(Crawled caption data)
************

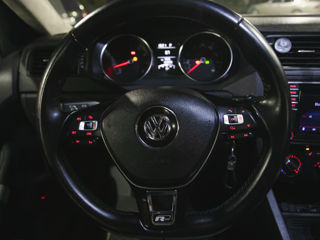 Volkswagen Jetta foto 10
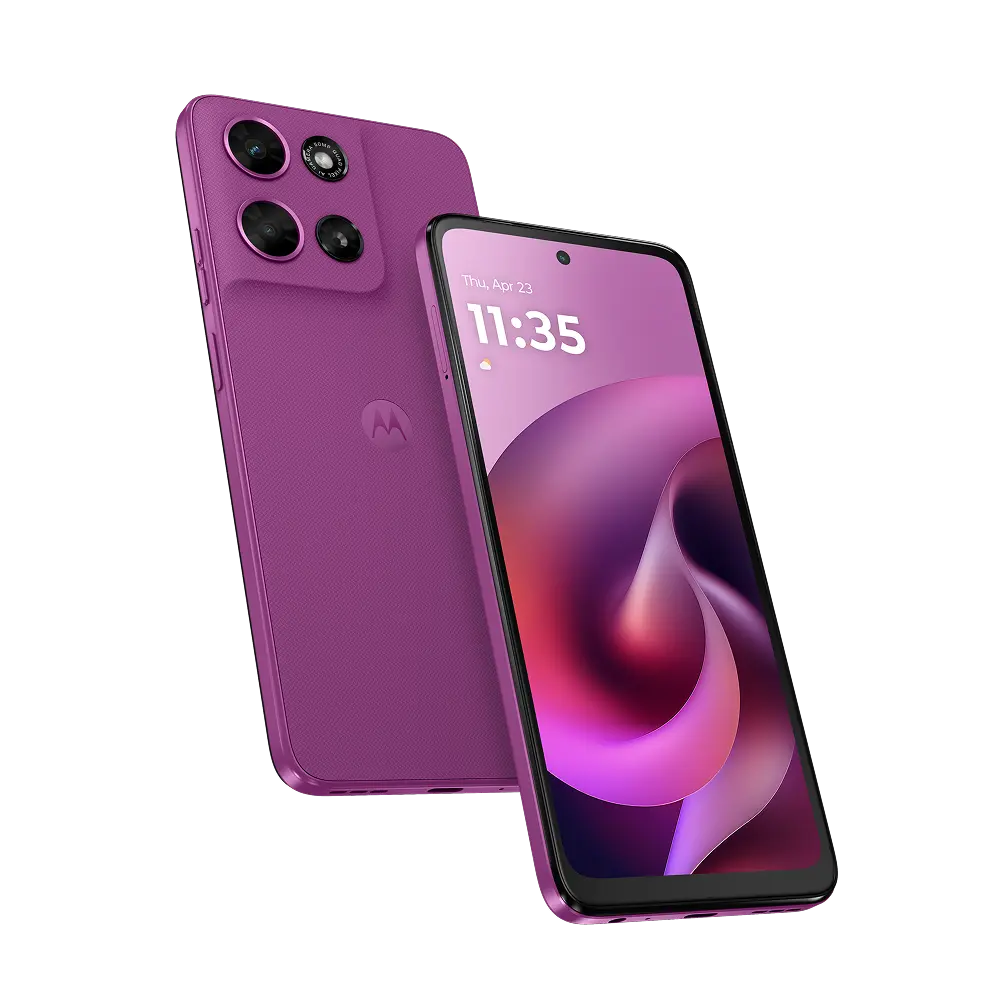 Lenovo moto g - 2026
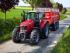 4WD traktorok Massey Ferguson MF 7622 Dyna 6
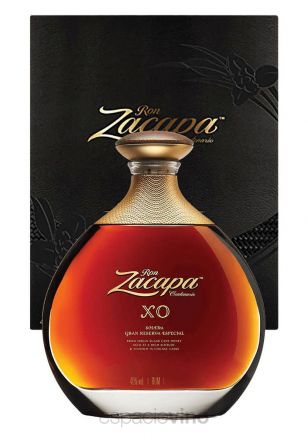 Zacapa Centenario XO Ron 750 ml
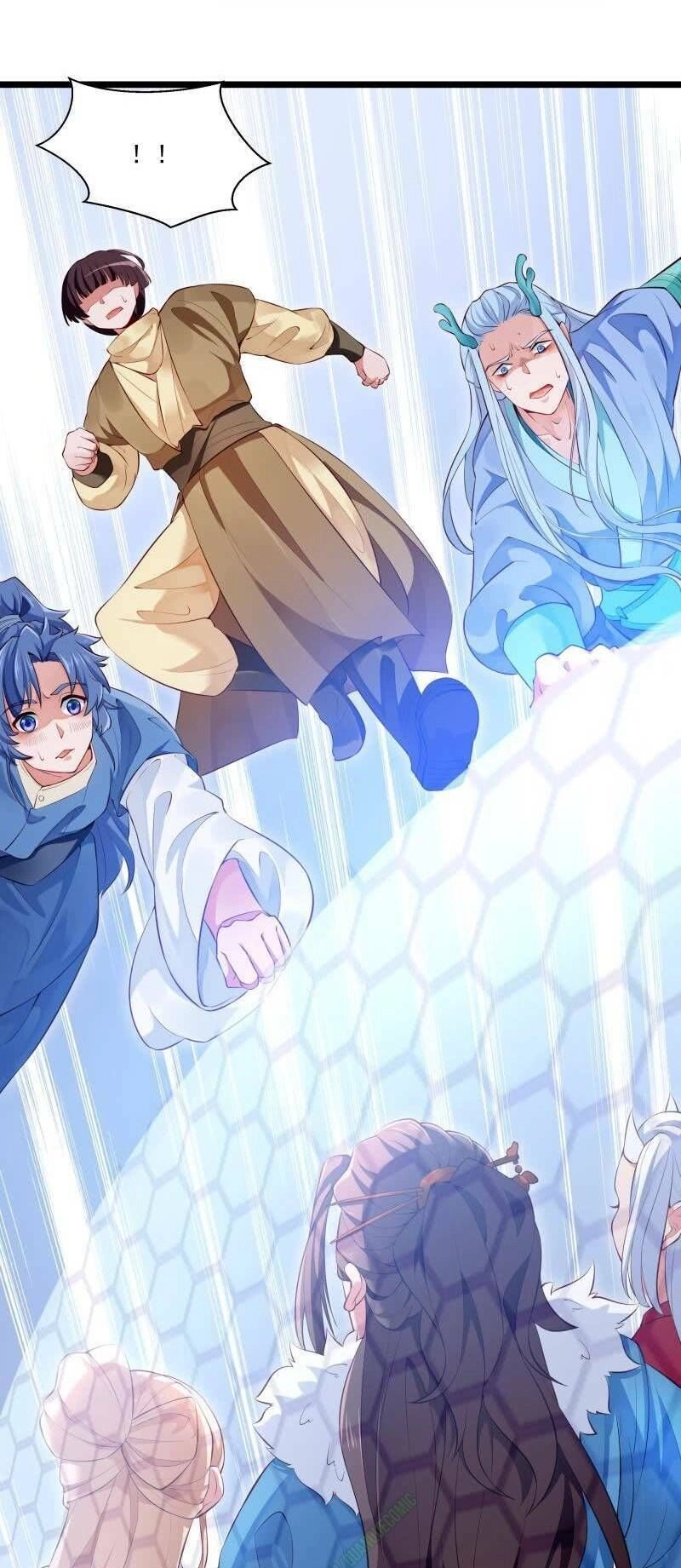 Ma Nhị Đại Chapter 5 - 9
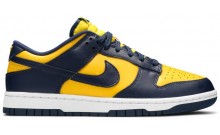Navy Mens Shoes Dunk Low DX7928-449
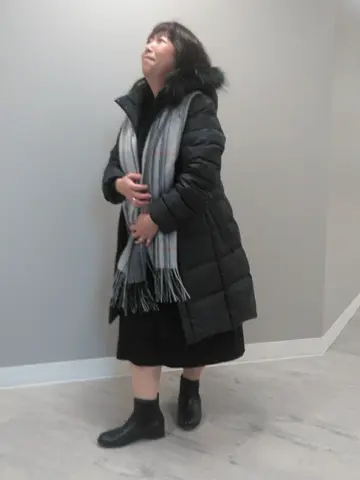 23区 武田 コーディネート画像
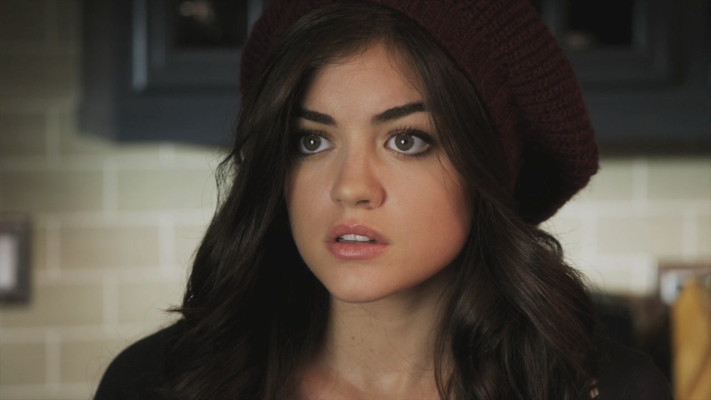 Lucy Hale pic #784950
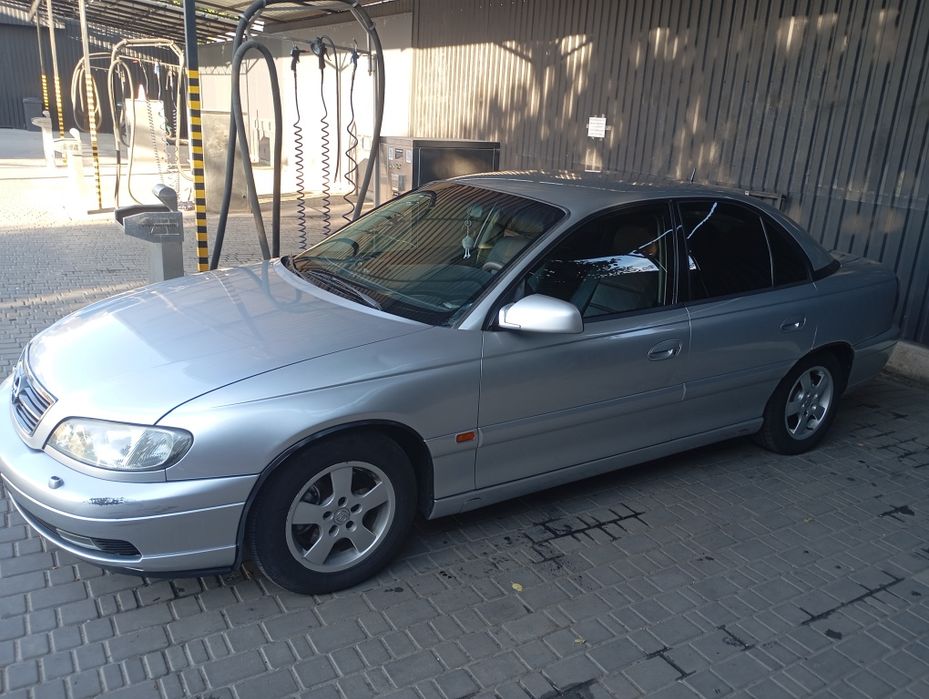 Продам Opel  Omega b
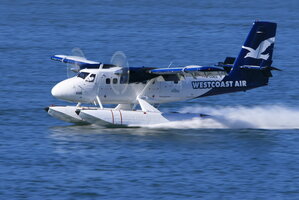 De Havilland Canada DHC-6 Twin Otter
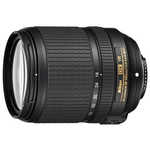 Nikon objektiv AF-S DX, 18-140mm, f3.5-5.6G ED VR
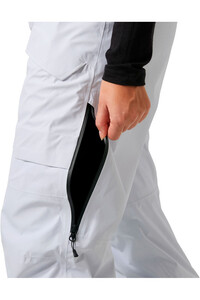 Helly Hansen pantalones esquí mujer W RIDGE INFINITY SHELL BIB 04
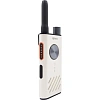 Рация Hytera S1, портативная, цвет: белый (HYT-S31 pearl white)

************

§ Task to carry out
An exact transcription is needed, covering the line with "Helly Hansen pantalones" and every line after it to the end of the entries, but not the pictures.

§ Task answer
 Helly Hansen pantalones esquí mujer W RIDGE INFINITY SHELL BIB 04
 Рация Hytera S1, портативная, цвет: белый (HYT-S31 pearl white)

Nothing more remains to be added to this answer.